La gente ha perdido la confianza en el sistema judicial hasta un punto inédito e inaceptable. El sistema judicial es uno de los pilares de la democracia y debe ser rescatado. Al hacerlo, tendrá que tomarse en cuenta al menos un elemento esencial: el de la independencia de los jueces y fiscales, mientras ellos no estén protegidos de la incertidumbre económica y de la influencia política, no podrán garantizar el debido proceso y la protección de los derechos ciudadanos.
El año 2009 se puso en vigencia un inusual experimento: la elección popular de magistrados. Seguramente se esperaba que con independencia de origen en su mandato, los magistrados podrían ejercer su mandato con la misma calidad de “representantes del pueblo” de los legisladores y del presidente del Estado. Pero al mismo tiempo se establecieron tantas limitaciones (no pueden hacer campaña, duran sólo seis años en el cargo, son preseleccionados por la mayoría parlamentaria) que, en vez de lograrse su independencia, se consiguió exactamente lo contrario.
La elección de magistrados los subordinó a los partidos que los promueven. Los electores votaron sin conocerlos, y por eso también rechazaron su elección votando en blanco y nulo en abrumadora mayoría. Y su breve paso por el cargo se ha convertido en uno más de sus currículums profesionales. De hecho, estos cargos han dejado de ser culminación de una carrera y a veces son solamente el inicio. Los mismos jueces parecen tomar decisiones pensando que tendrán toda una vida para corregirlas, olvidarlas o esconderlas.
La curiosidad me llevó a leer las actas de la Asamblea Deliberante que fundó Bolivia y lo planteado por Bolívar en la primera Constitución. En ella se crea la Corte Suprema, con un vocal por departamento, y se le da la autoridad necesaria para organizar todo el sistema judicial.
En esa sencilla norma se garantizaba la independencia de los jueces con su inamovilidad. Todos los magistrados, desde los de la Suprema hasta los jueces de partido, debían ser vitalicios, ejerciendo su autoridad “cuanto duraren sus buenos servicios”. Por supuesto, podían ser removidos mediante procedimientos judiciales y por tanto no estaban exentos de cumplir las leyes. Pero al ser vitalicios podían ejercer la magistratura libres de la voluntad o la influencia política que sí estaba sujeta a renovación periódica de acuerdo con la votación de los electores.

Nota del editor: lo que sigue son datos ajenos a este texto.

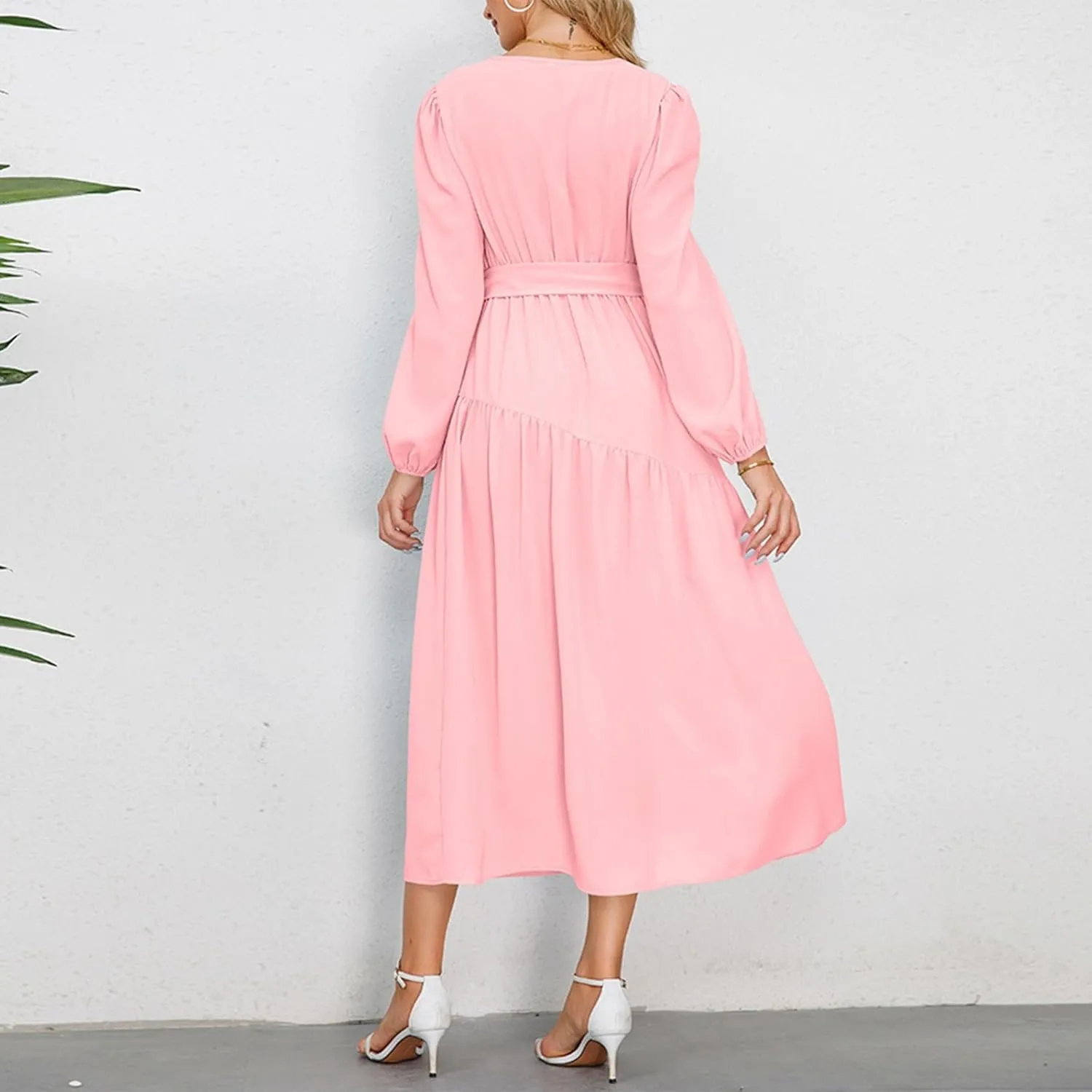 Women's Elegant Solid A-Line Pleated Midi Dress Classic 3/4 Sleeve V Neck Sheath Casual Party Work Wrap Dress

Para llegar entonces a la Suprema se planteaban, además, requisitos de edad y experiencia que eran bastante exigentes para la época. Tener al menos 35 años en un tiempo en que la esperanza de vida era de 50 equivaldría hoy a exigir una edad mínima de 50 años para la Suprema. Y se esperaba que además hubieran sido previamente magistrados distritales o que tuvieran al menos 10 años de ejercicio profesional.
En otras palabras, la independencia de los jueces no descansaba en el origen de su mandato, como es el voto de los electores en el caso de los legisladores, sino en su especialización profesional y autonomía laboral. La seguridad del cargo vitalicio le daba al juez la suficiente tranquilidad como para juzgar sin temor a ser removido por el poder de turno. La forma de elección involucraba a dos Cámaras: los senadores enviaban ternas a los censores (diputados) y éstos elegían de dichas ternas.

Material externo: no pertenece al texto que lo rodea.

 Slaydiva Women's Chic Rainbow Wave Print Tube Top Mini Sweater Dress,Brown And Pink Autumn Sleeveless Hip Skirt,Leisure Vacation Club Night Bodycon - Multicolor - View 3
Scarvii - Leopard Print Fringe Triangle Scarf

Una rápida revisión de otras constituciones nos muestra que esta práctica es muy frecuente, sobre todo en los países que han consolidado mejor sus estructuras institucionales: Noruega, Dinamarca, Gran Bretaña, Suecia, Estados Unidos, Japón. En algunos se fijan límites de edad (70 o 75 años) pero en general se le da tal importancia a la selección y a la designación, realizadas por cuerpos o autoridades diferentes, que tiende a prevalecer el mérito ético y profesional en el proceso, pues se trata de designar una autoridad que trascenderá a la propia.
La duración del cargo y la estricta jerarquía establecida en la carrera judicial permiten que los supremos culminen su carrera ejerciendo precisamente la más alta responsabilidad que implica la misma.

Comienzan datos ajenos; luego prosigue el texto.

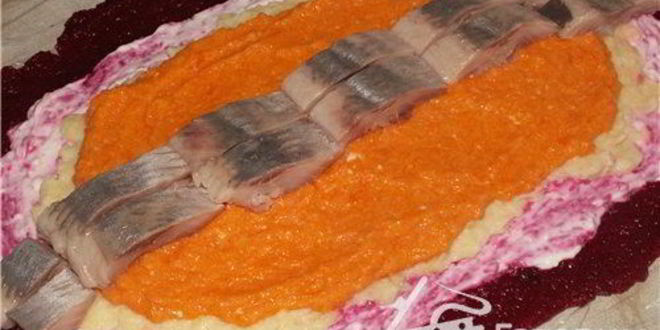 Рецепт салат-рулет селедка под шубкой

La experiencia histórica enseña que podemos corregir los errores. No hace falta para ello volver a la experiencia previa sino más bien mejorarla, para lo cual podríamos pensar en el origen fundacional. O sea: designaciones vitalicias aplicando las exigencias de selección, y autonomía económica determinando una proporción mínima del presupuesto para el órgano judicial, que debería tener autonomía de gestión. Nada de esto libraría a los jueces de cumplir las leyes que rigen para todos, por supuesto, incluyendo las de rendir cuentas y someterse al control presupuestario.
Necesitamos transformar la justicia con absoluta urgencia y eso pasa por recuperar y garantizar la independencia judicial. Una Suprema en serio y con autoridad podría encargarse de reconstruir todo el sistema, que hoy se cae a pedazos de pobreza, desgaste o podredumbre, según dónde se mire.